LATE AND TERMINAL CLASSIC SOCIAL STRATEGIES IN THE XUNANTUNICH AREA
Wendy Ashmore, Jason Yaeger, and Cynthia Robin
Hatever happened in the Maya lowlands at the end of the Classic period, the events and processes involved were surely complex, and must have varied markedly across the social and political landscape. In this essay, we illustrate some of that complexity and variability on at least two social scales. First, our focus on the lives of people in farmsteads and communities beyond the monumental civic centers helps complement the more intense attention customarily paid to elites and royals living in the hearts of those centers. Not only were our ancient informants subject in different ways than their overlords to the upheavals of Late and Terminal Classic times, they also responded with a somewhat different repertoire of tactics, in part because of their distinct social, political, and economic standing. And that brings us to the second kind of complexity and variation: by looking more closely at a relatively small area and populace, we recognize that, even at this scale, fortunes and strategies could be quite diverse, depending on local circumstances and specific histories. “Commoners” certainly did not have all social or other characteristics “in common” with one another, and we gain in understanding the complexity of this class—and their contemporaries—by identifying more fully the varied ways in which all people lived through the events of this period.

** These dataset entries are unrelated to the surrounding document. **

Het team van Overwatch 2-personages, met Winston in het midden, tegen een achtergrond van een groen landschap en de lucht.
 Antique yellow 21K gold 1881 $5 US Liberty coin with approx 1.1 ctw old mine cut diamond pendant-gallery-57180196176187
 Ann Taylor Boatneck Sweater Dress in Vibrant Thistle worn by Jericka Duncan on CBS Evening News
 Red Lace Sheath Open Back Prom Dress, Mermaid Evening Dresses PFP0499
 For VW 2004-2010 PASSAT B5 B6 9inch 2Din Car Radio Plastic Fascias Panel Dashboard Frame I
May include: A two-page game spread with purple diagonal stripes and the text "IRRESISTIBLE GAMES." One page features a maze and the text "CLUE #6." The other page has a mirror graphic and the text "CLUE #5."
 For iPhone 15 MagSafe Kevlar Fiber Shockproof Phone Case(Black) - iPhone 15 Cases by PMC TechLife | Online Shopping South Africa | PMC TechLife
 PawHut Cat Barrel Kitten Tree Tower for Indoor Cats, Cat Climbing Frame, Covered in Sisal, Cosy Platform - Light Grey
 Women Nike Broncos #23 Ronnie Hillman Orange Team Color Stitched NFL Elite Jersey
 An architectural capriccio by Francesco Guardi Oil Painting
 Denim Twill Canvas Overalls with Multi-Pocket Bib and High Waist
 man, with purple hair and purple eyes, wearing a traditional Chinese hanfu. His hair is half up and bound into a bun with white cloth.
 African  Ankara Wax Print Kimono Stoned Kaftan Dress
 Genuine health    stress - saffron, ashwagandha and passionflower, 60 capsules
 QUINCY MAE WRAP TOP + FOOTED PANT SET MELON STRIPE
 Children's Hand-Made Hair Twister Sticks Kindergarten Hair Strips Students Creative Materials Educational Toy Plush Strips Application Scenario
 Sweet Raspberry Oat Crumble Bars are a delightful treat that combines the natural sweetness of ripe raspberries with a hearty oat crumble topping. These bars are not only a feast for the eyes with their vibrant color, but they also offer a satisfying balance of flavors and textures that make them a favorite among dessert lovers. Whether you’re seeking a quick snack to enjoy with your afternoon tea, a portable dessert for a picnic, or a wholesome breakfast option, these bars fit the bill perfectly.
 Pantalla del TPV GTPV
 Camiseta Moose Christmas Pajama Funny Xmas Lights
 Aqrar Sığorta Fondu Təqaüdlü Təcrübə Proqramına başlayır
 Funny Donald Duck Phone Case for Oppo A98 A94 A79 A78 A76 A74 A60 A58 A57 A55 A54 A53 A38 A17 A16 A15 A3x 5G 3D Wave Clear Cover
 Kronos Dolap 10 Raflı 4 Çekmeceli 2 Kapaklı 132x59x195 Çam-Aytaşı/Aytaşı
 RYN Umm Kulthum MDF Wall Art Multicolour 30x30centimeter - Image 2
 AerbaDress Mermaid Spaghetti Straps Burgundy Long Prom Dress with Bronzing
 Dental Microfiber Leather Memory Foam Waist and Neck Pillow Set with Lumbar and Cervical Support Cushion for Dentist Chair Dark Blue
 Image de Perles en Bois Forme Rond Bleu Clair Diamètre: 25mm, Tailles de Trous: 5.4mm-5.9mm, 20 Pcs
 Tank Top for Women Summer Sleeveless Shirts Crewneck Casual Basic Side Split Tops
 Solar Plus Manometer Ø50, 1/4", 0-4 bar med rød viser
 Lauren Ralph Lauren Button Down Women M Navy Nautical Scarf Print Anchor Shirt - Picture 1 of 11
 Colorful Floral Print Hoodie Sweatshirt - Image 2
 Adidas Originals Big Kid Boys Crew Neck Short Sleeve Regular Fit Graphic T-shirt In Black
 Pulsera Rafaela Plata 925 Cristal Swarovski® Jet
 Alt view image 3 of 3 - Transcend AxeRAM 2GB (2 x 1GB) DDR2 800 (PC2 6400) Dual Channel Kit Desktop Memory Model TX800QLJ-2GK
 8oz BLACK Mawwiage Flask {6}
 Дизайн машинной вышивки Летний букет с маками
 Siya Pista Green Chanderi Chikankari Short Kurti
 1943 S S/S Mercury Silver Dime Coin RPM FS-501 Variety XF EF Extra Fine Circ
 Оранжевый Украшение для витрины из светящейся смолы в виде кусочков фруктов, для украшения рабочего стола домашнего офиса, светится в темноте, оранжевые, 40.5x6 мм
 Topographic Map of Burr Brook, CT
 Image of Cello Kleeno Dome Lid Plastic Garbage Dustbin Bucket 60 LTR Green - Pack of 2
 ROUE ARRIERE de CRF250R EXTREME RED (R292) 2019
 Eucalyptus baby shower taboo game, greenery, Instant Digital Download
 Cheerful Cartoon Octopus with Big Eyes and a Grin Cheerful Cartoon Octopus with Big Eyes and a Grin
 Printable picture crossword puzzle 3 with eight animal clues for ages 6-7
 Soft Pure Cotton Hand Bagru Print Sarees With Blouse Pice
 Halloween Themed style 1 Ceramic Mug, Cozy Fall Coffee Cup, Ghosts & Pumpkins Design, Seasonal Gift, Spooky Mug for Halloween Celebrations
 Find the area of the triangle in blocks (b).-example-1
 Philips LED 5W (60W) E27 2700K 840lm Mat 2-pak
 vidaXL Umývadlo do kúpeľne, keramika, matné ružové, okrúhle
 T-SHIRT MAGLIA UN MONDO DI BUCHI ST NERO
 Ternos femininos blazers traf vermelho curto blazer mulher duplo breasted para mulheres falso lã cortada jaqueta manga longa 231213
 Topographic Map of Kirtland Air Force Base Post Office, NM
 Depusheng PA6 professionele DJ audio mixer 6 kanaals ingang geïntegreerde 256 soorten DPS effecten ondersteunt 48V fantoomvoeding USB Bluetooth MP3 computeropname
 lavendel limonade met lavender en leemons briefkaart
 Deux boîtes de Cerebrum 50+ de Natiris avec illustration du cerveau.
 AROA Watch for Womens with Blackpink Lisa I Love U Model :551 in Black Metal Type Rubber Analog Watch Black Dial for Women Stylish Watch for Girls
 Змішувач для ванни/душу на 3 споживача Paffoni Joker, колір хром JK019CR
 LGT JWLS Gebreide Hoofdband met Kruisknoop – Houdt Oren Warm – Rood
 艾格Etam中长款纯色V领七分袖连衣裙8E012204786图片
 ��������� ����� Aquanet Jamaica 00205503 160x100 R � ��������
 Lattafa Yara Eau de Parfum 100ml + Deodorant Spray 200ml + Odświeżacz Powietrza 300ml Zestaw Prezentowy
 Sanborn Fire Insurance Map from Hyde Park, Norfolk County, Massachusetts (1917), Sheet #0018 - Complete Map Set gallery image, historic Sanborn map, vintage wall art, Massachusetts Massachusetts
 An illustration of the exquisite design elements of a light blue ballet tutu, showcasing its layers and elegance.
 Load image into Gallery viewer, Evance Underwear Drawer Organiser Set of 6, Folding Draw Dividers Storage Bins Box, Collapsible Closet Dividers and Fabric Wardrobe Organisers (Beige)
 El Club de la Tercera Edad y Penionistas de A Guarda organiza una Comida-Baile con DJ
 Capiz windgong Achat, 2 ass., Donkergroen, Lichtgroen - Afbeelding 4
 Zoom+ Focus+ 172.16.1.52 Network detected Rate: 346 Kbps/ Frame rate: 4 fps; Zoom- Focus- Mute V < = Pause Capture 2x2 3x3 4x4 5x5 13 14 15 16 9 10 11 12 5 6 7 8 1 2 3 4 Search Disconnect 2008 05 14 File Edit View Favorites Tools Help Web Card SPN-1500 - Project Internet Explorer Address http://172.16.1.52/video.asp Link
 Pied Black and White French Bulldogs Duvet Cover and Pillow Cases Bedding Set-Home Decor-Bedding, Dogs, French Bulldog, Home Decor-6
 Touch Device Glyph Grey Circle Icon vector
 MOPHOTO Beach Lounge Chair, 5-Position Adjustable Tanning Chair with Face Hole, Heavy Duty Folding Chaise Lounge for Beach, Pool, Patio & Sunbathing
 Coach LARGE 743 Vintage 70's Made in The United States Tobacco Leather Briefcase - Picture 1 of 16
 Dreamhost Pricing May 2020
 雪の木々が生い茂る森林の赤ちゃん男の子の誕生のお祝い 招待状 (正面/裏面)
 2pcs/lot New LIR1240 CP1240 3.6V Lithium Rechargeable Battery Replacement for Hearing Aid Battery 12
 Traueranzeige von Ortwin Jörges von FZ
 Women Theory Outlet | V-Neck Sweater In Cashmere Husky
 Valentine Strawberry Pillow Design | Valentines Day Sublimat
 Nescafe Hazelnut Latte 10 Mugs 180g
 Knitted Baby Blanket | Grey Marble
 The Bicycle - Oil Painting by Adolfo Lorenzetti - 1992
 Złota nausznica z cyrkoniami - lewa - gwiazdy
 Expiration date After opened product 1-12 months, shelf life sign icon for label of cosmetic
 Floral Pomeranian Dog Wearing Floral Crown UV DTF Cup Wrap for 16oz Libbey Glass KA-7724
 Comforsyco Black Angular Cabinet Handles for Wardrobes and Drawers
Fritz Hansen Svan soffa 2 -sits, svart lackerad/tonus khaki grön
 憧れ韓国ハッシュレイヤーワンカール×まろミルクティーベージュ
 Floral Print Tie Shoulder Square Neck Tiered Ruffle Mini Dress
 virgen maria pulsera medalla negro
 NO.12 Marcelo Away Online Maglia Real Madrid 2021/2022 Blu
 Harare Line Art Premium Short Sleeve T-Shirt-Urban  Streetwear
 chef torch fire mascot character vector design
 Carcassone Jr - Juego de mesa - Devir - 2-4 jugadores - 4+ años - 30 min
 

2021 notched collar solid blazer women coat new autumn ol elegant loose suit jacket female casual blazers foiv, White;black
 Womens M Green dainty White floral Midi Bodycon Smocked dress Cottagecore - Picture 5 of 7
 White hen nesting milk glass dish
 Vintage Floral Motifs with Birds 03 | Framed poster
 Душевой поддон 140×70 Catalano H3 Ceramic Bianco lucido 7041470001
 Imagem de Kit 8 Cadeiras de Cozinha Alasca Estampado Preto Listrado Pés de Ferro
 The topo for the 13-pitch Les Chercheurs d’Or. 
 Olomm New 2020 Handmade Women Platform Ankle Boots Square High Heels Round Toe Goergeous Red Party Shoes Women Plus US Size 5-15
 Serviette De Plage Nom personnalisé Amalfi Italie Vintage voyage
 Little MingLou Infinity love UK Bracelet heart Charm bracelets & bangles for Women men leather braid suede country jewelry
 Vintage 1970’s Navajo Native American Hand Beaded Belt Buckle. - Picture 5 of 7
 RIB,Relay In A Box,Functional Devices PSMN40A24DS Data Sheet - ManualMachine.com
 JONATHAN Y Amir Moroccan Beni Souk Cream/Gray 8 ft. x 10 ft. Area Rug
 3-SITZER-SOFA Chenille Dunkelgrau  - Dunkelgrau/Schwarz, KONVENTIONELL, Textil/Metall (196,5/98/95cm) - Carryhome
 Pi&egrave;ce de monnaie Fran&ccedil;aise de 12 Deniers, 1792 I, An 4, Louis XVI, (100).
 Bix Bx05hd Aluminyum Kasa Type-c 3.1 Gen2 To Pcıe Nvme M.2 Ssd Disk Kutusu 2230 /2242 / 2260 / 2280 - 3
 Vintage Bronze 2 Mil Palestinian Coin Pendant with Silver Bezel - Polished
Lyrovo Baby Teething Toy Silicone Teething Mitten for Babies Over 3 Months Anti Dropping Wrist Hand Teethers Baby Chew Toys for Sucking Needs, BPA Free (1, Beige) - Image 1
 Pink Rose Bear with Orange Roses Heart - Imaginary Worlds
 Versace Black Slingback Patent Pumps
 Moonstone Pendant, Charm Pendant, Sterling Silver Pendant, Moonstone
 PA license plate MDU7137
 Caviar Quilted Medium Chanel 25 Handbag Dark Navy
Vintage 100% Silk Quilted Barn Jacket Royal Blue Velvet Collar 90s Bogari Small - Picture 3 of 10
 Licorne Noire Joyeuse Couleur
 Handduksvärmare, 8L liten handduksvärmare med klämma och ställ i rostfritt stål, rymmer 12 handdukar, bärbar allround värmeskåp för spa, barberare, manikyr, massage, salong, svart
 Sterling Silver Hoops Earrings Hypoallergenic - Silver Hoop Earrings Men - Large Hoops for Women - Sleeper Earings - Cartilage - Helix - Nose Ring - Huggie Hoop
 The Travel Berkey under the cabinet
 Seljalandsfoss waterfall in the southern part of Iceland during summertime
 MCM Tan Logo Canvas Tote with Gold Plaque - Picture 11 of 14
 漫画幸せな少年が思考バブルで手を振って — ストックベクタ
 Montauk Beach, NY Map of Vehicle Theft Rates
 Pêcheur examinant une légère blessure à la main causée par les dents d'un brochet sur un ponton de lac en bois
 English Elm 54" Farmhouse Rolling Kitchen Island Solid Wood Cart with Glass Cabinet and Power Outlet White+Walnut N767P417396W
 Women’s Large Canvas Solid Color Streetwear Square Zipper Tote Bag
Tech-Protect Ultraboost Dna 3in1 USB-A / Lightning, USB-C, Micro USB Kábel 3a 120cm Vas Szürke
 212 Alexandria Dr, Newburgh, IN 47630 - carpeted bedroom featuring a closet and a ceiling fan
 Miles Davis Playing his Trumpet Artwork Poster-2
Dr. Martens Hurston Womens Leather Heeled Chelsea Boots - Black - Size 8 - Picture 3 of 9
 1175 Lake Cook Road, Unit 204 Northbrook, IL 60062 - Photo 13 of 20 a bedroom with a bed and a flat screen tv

Specifically, in this paper we describe social integration, differentiation, and change in Late and Terminal Classic times within two commoner settlements near the civic center of Xunantunich, Belize. One of these, San Lorenzo, experienced a discontinuous history of occupation beginning in Middle Preclassic times, the
Best documented portion of which pertains to the Late and Terminal Classic periods. The other, Chan Noohol, was a sector of a larger settlement we call Chan, the latter with roots likewise in the Middle Preclassic, but within which the Chan Noohol area evinced a virtual boom-bust sequence late in the Late Classic period. The seeming abruptness of this demographic expansion and collapse is likely somewhat deceptive, in part an artifact of imprecision in dating (e. g.. Smith 1992). Nevertheless, the contrasts between periods are dramatic. And for each settlement, the archaeological record attests to varying sorts of self-sufficiency and dependency of its residents relative to larger economic, ritual, and political spheres. In neither case are the reasons for ultimate “collapse” fully clear, but by examining both of these places in some detail, along with other instances of local settlement considered in passing here, we can clarify some of the mosaic of prosperity, decline, rallying, contraction, and abandonment in this part of the Belize Valley. Our analysis complements and our findings broadly parallel those provided elsewhere (Ashmore 1998; LeCount et al. 2002; Leventhal and Ashmore 1999) concerning royal strategies within the Xunantunich civic core.
Highlighting the final integrative and differentiating behaviors for which we have evidence allows us to infer the social strategies of local residents in their responses, successful or otherwise, to this time of flux. Although the majority of our data pertain to the Late Classic period, we contend that understanding local manifestations of Terminal Classic society and the “Maya collapse” is possible only through detailed reference to and comparison with antecedent social forms and strategies.
By way of background, we first describe Xunantunich and the areas near it that we examined, outlining briefly the recent program of settlement research on which the paper builds. Because the Xunantunich Archaeological Project (XAP) and its Settlement Survey (XSS) were framed specifically to address issues of social change in Late and Terminal Classic times, we couch discussion in terms of cumulative earlier findings in the larger region and of the evolving interpretive models shaping our research. We then introduce briefly our project’s definitions of the Late and Terminal Classic periods. These and other time spans recognized by XAP derive principally from the ceramic chronology developed by Lisa LeCount, an analysis described more fully elsewhere (LeCount 1992, 1996; LeCount et al. 2002). Following a condensed account of XSS findings, we proceed to the San Lorenzo and Chan Noohol case studies, and then to concluding discussion about the end of the Classic in the Xunantunich area.